For very large data sets (in the billions of elements) it usually pays off to consider the particular circumstances. Here are a few ideas that might provide some inspiration:
If the elements can be compared (which is almost always the case in practice), then sorting the lists and applying the following zip approach is worth consideration:
/// <returns>The elements of the specified (ascendingly) sorted enumerations that are
/// contained only in one of them, together with an indicator,
/// whether the element is contained in the reference enumeration (-1)
/// or in the difference enumeration (+1).</returns>
public static IEnumerable<Tuple<T, int>> FindDifferences<T>(IEnumerable<T> sortedReferenceObjects,
IEnumerable<T> sortedDifferenceObjects, IComparer<T> comparer)
{
var refs = sortedReferenceObjects.GetEnumerator();
var diffs = sortedDifferenceObjects.GetEnumerator();
bool hasNext = refs.MoveNext() && diffs.MoveNext();
while (hasNext)
{
int comparison = comparer.Compare(refs.Current, diffs.Current);
if (comparison == 0)
{
// insert code that emits the current element if equal elements should be kept
hasNext = refs.MoveNext() && diffs.MoveNext();
}
else if (comparison < 0)
{
yield return Tuple.Create(refs.Current, -1);
hasNext = refs.MoveNext();
}
else
{
yield return Tuple.Create(diffs.Current, 1);
hasNext = diffs.MoveNext();
}
}
}
This can e.g. be used in the following way:
const int N = <Large number>;
const int omit1 = 231567;
const int omit2 = 589932;
IEnumerable<int> numberSequence1 = Enumerable.Range(0, N).Select(i => i < omit1 ? i : i + 1);
IEnumerable<int> numberSequence2 = Enumerable.Range(0, N).Select(i => i < omit2 ? i : i + 1);
var numberDiffs = FindDifferences(numberSequence1, numberSequence2, Comparer<int>.Default);
Benchmarking on my computer gave the following result for N = 1M:
Method |
Mean |
Error |
StdDev |
Ratio |
Gen 0 |
Gen 1 |
Gen 2 |
Allocated |
DiffLinq |
115.19 ms |
0.656 ms |
0.582 ms |
1.00 |
2800.0000 |
2800.0000 |
2800.0000 |
67110744 B |
DiffZip |
23.48 ms |
0.018 ms |
0.015 ms |
0.20 |
- |
- |
- |
720 B |
And for N = 100M:
Method |
Mean |
Error |
StdDev |
Ratio |
Gen 0 |
Gen 1 |
Gen 2 |
Allocated |
DiffLinq |
12.146 s |
0.0427 s |
0.0379 s |
1.00 |
13000.0000 |
13000.0000 |
13000.0000 |
8589937032 B |
DiffZip |
2.324 s |
0.0019 s |
0.0018 s |
0.19 |
- |
- |
- |
720 B |
Note that this example of course benefits from the fact that the lists are already sorted and integers can be very efficiently compared. But this is exactly the point: If you do have favourable circumstances, make sure that you exploit them.

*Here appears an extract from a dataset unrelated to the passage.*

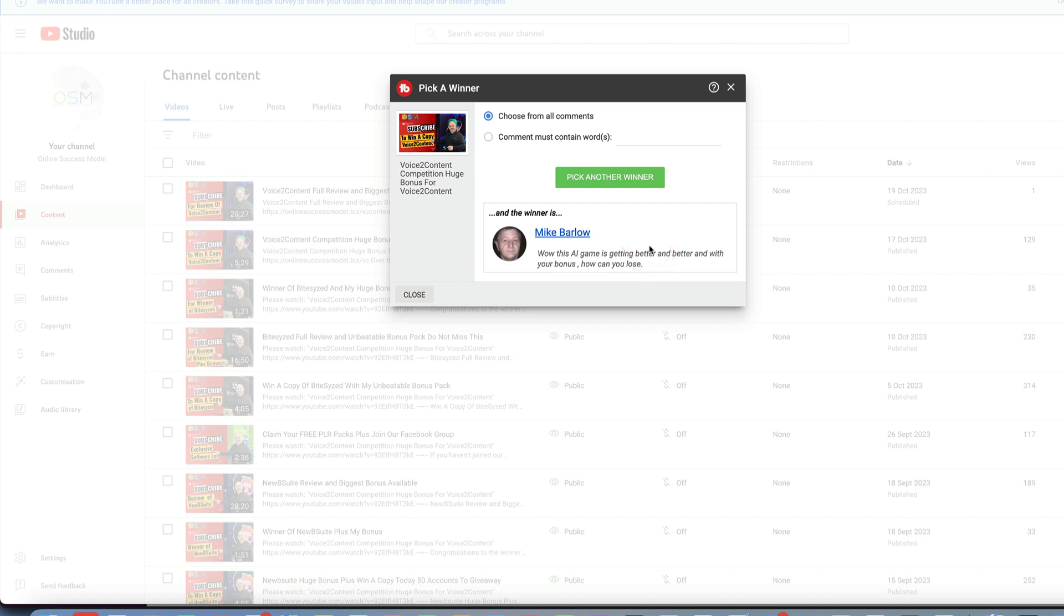'with your bonus, how can you lose?' So congratulations Mike, just open a support ticket and my team will get you set up with everything you need. And remember if you want Voice to Content, and remember it's an amazing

A few further comments: The speed of the comparison function is clearly relevant for the overall performance, so it may be beneficial to optimize it. The flexibility to do so is a benefit of the zipping approach. Furthermore, parallelization seems more feasible to me, although by no means easy and maybe not worth the effort and the overhead. Nevertheless, a simple way to speed up the process by roughly a factor of 2, is to split the lists respectively in two halfs (if it can be efficiently done) and compare the parts in parallel, one processing from front to back and the other in reverse order.